Tuesday, January 24, 2012

My biggest fears

I'm afraid of dying.
Human die so easily. We can be squished, if we fall from high ground we die. If an ant falls from high ground, he will not. Humans are soft... Filled with liquid and jelly organs. And fragile bones.
Cancer. I'm so afraid of cancer. Everyday I'm thinking of cancer. Do I have cancer? How should I know? I'm so worried. The tension has built up, and nowadays I'm close to tears when I think about it.

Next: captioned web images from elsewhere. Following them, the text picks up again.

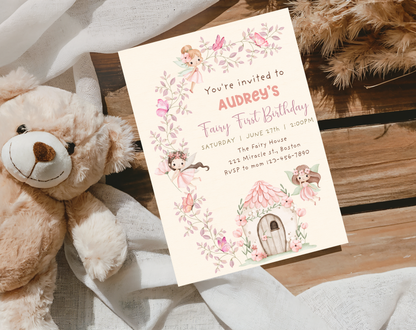 Fairy First Birthday Invitation Template | Editable Canva Template | 5x7in & WhatsApp | Digital Download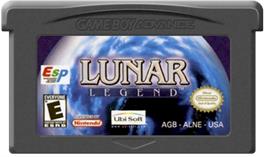Cartridge artwork for Lunar Legend on the Nintendo Game Boy Advance.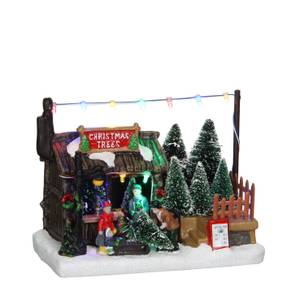 Weihnachtsdorf-Miniatur Verkaufsstand Kunststoff - 11 x 14 x 18 cm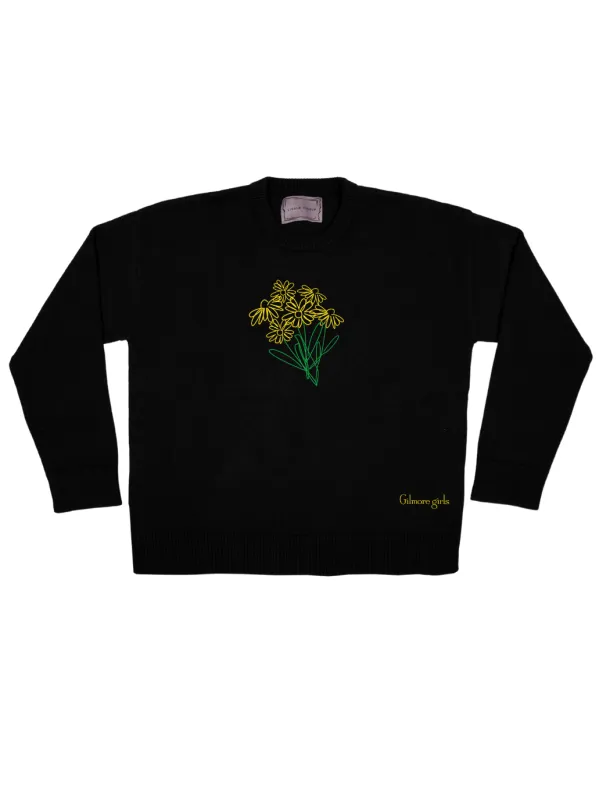 "yellow daisies"  Maxine Sweater sold by Lingua Franca NYC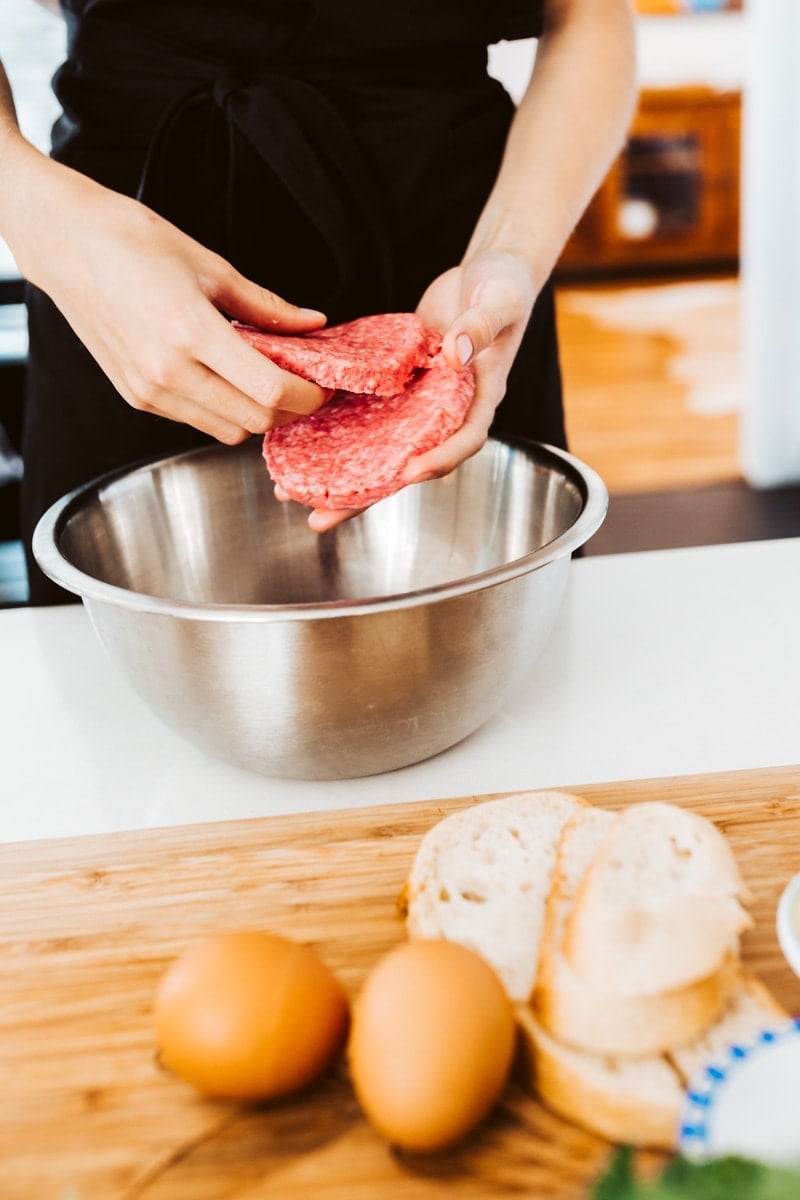 making burgers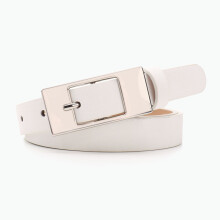 (White)Minimalist Womens Solid Color Pu Belt With Alloy Buckle For Casual Wear Office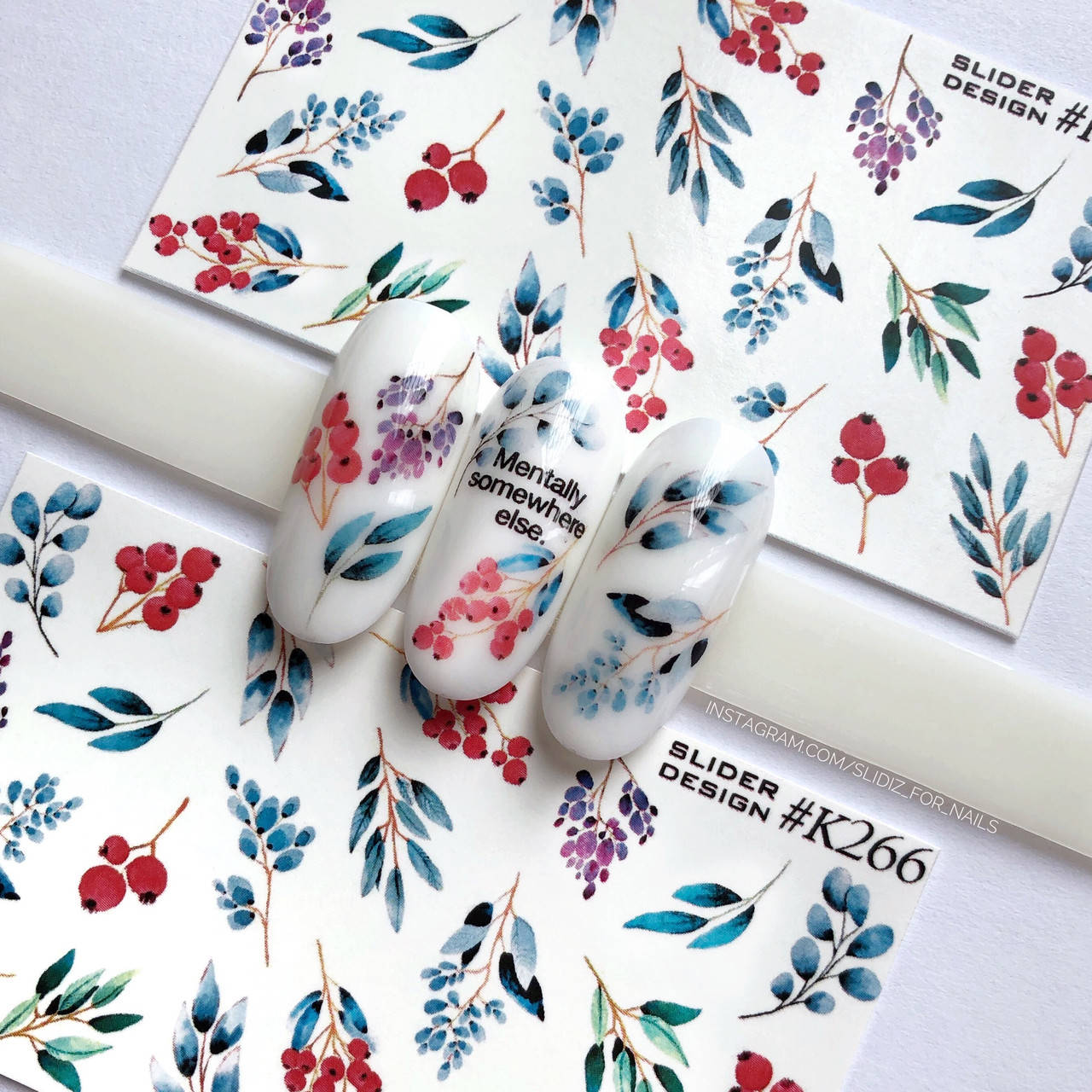 

Слайдер-дизайн SLIDIZ водная наклейка для ногтей Цветы, листики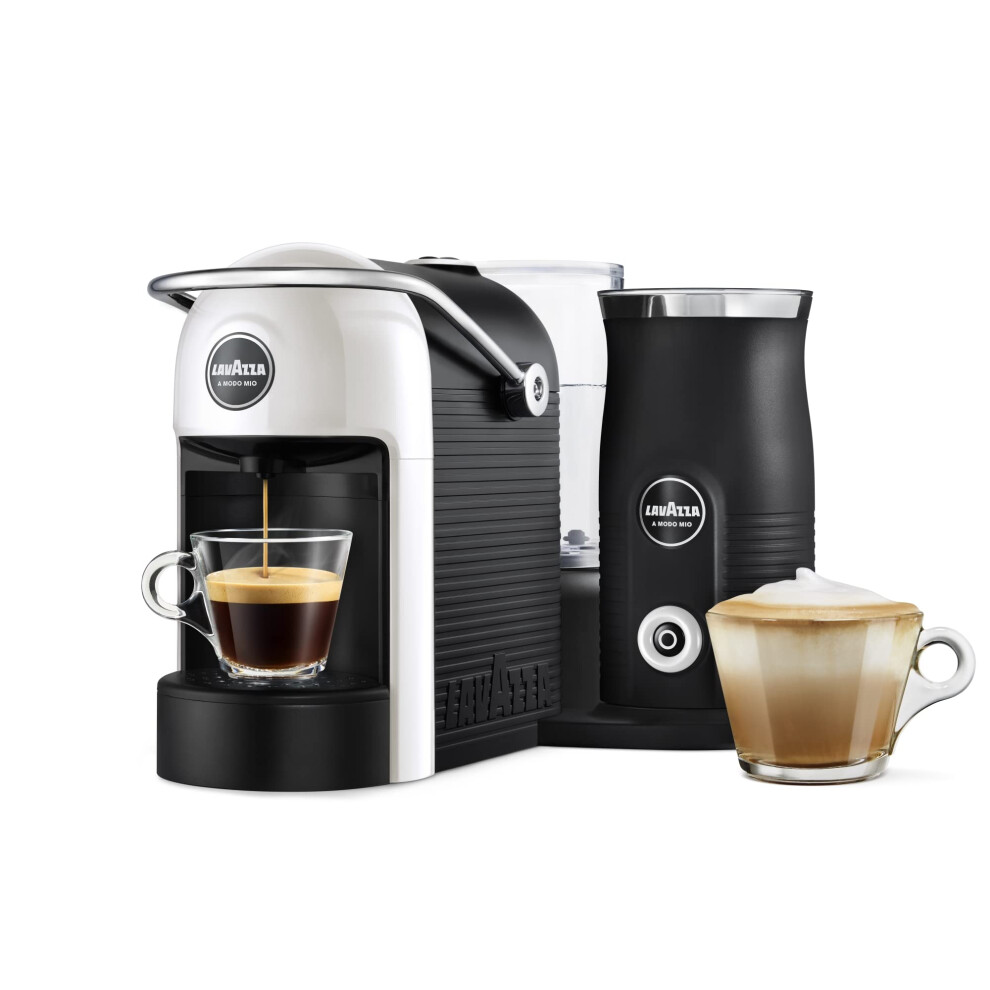 Lavazza, A Modo Mio Jolie & Milk EVO Coffee Machine Made from 33% Recycled Plastic, with Integrated Milk Frother and Removable Grid, Compatible with A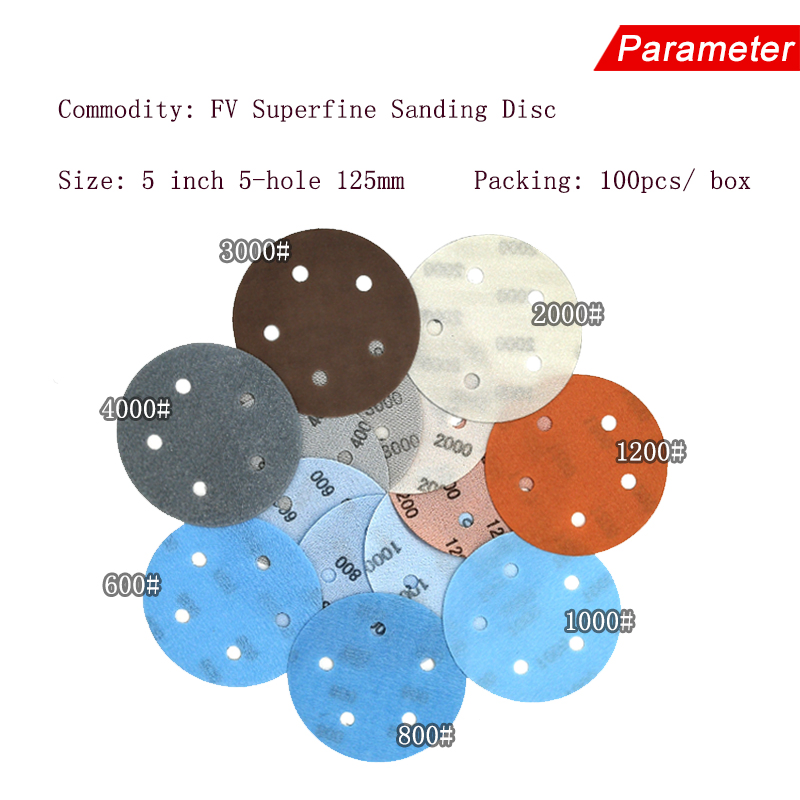 Шлифовальный диск 5 дюймов, 5 отверстий, 600-5000 грит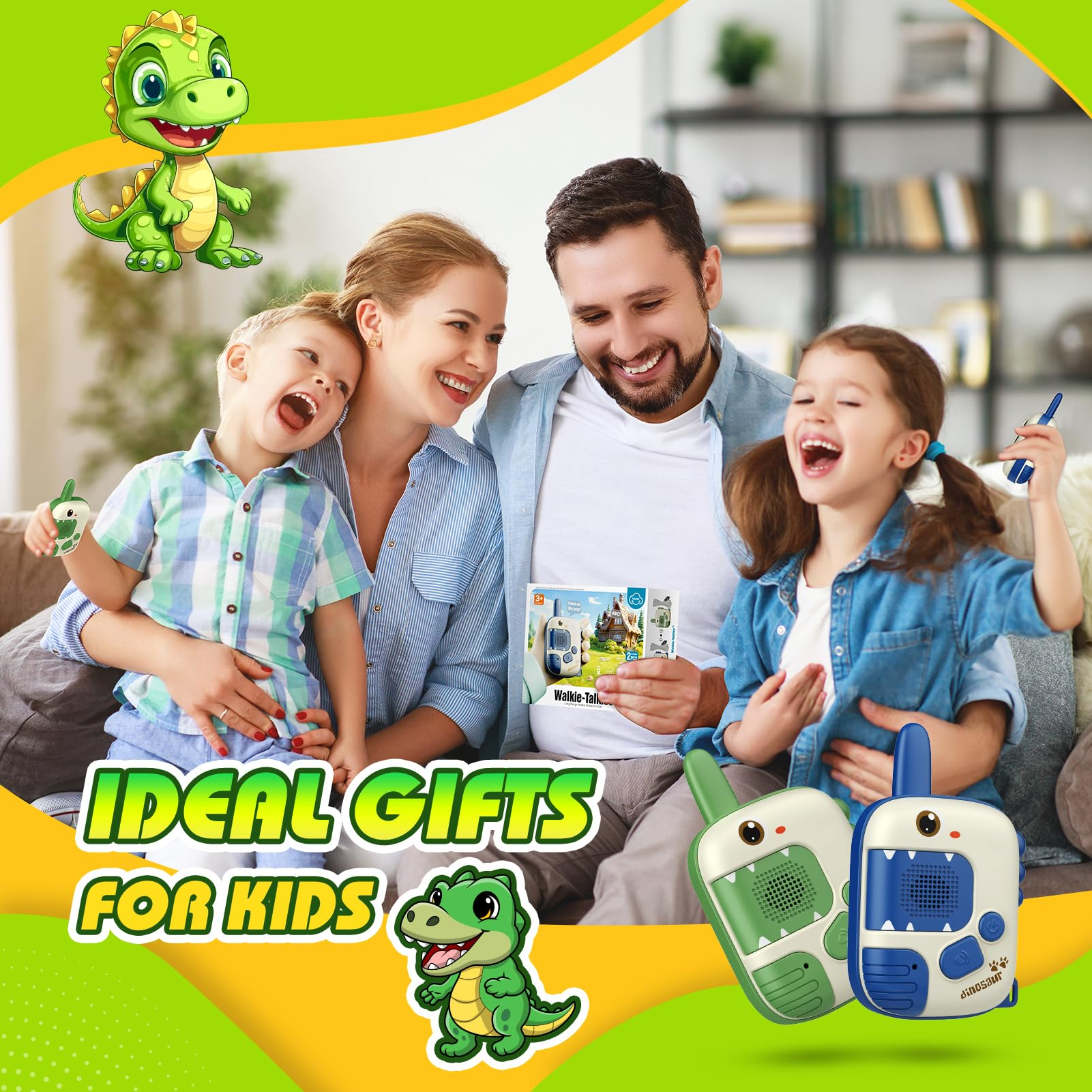 Familie mit Kindern, die Walkie-Talkies halten. Text: 'Ideale Geschenke für Kinder'. Grüne und blaue Dinosaurier-Spielzeuge.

When I was younger, my Mother got cancer. My way towards her changed. I didn't know how I should look at her. She was acting strong. I was acting stronger. I got used to it. She had it for years. I stopped taking it seriously. The cancer went away but attacked other organs. I thought she would get out of it again. I never realized... At the last hospital... Relatives told me, this part of the hospital are for people who will die soon. I didn't believe them. We slept over, my dad and me. In the morning, nurses called her dead. I didn't believe it. She was still alive. She was breathing, with her eyes open, but they had faded like dead eyes do. I couldn't believe it. I saw it as a coma. She would wake up someday, like a miracle and everybody would be there. She would come home and make it bearable for me.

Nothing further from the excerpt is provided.